* _Source material_:
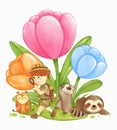 Giant tulip flowers with wildlife animals owl raccoon sloth bear and adventure boy . Realistic watercolor paint with paper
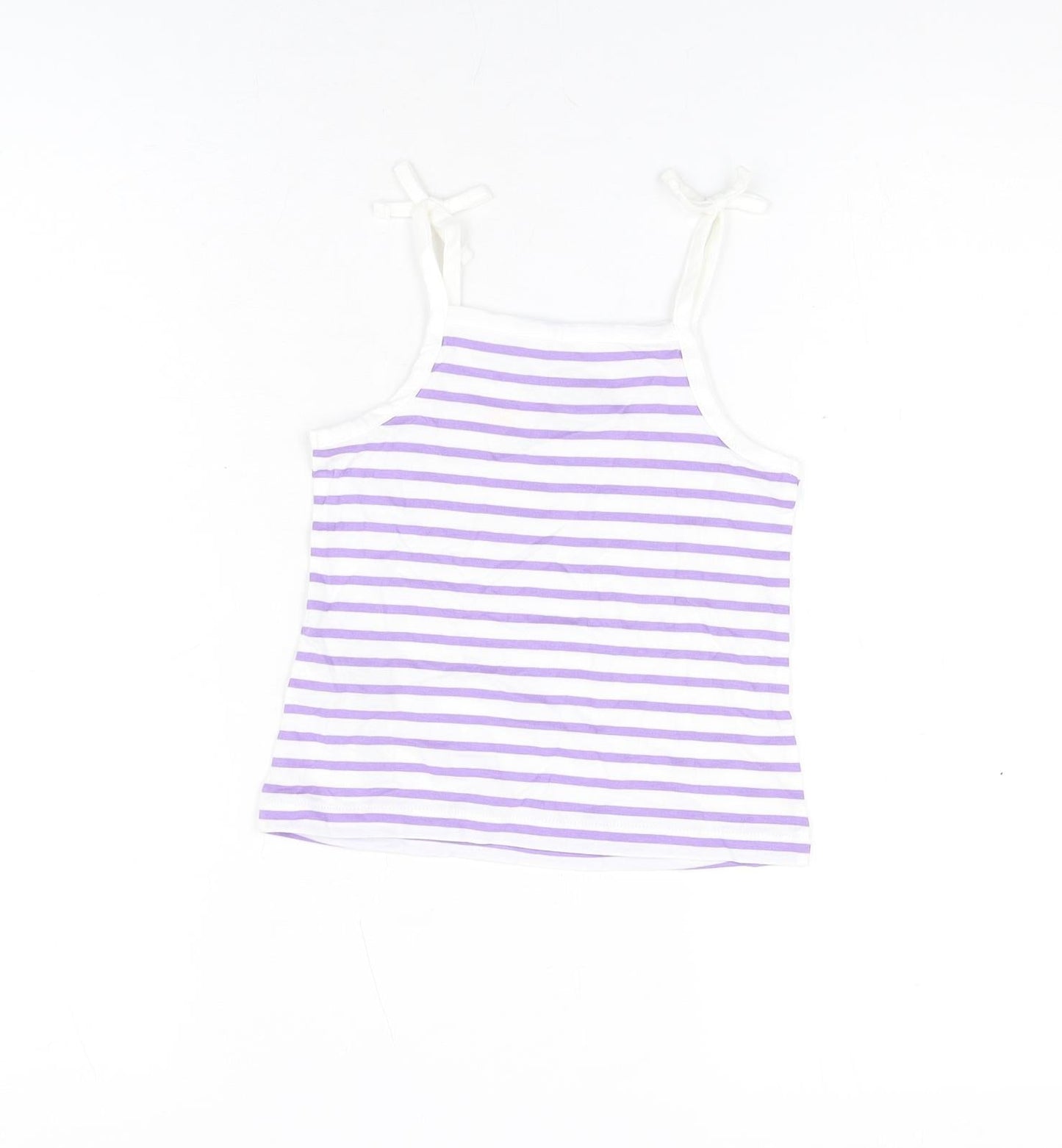 Marks and Spencer Girls White Striped Cotton Basic T-Shirt Size 3-4 Years Square Neck Pullover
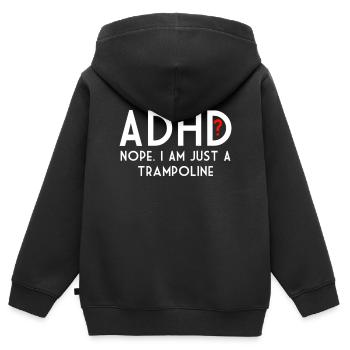ADHD - Kids Premium Organic Zip-up Hoodie - black - Back - AI Model Kid Male (0cm)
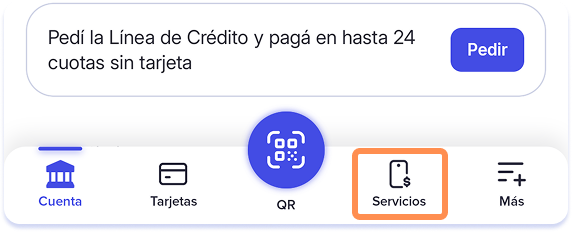 Opción Servicios en la aplicación de Mercado Pago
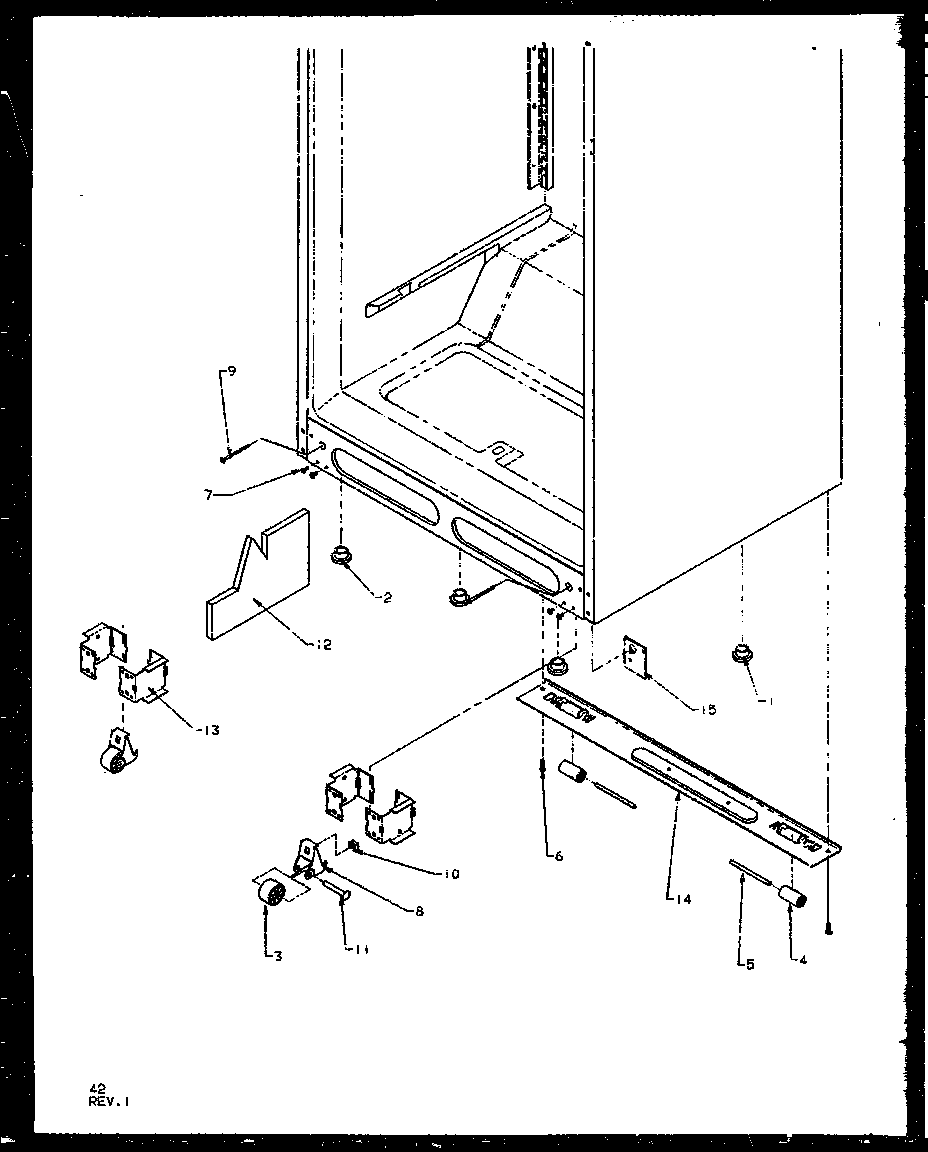 Amana TX19RW-P1158504WW lower cabinet parts diagram
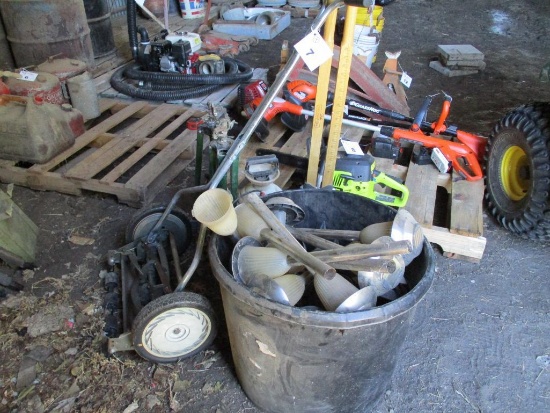Reel Mower, Lawn items, and Assorted Landscape lights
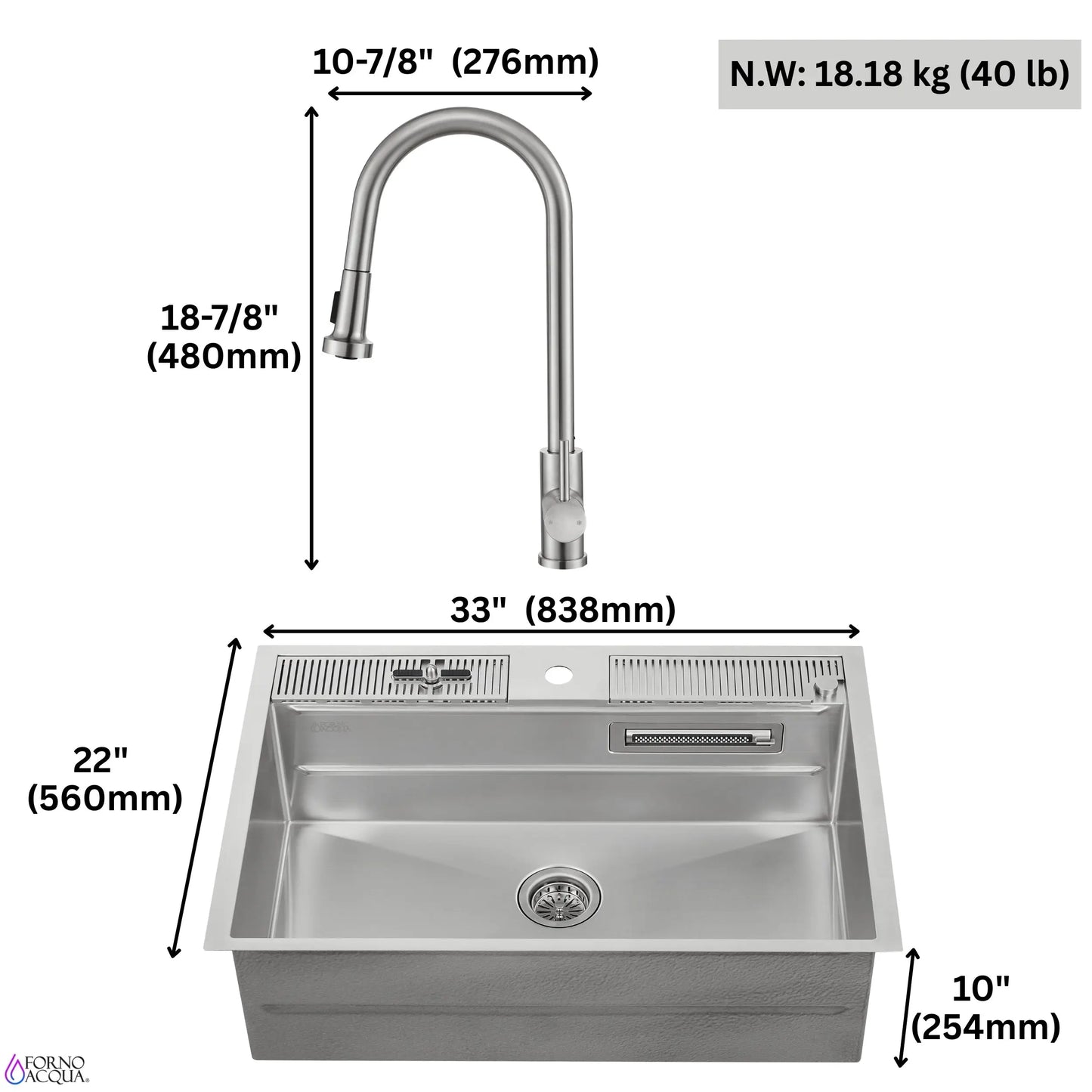 FORNO ACQUA 33 in. Drop-In/Undermount 3-Level Workstation Sink with Faucet, Waterfall & Glass Rinser FORNO ACQUA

* _Problem to work on_: Lines from the one that contains "ADHD - Kids" through the last line of the data above are to be extracted exactly, with no pictures and no other lines.

* _Answer to the exercise_:
ADHD - Kids Premium Organic Zip-up Hoodie - black - Back - AI Model Kid Male (0cm)
 Opción Servicios en la aplicación de Mercado Pago
 Amana TX19RW-P1158504WW lower cabinet parts diagram
Reel Mower, Lawn items, and Assorted Landscape lights
 FORNO ACQUA 33 in. Drop-In/Undermount 3-Level Workstation Sink with Faucet, Waterfall & Glass Rinser FORNO ACQUA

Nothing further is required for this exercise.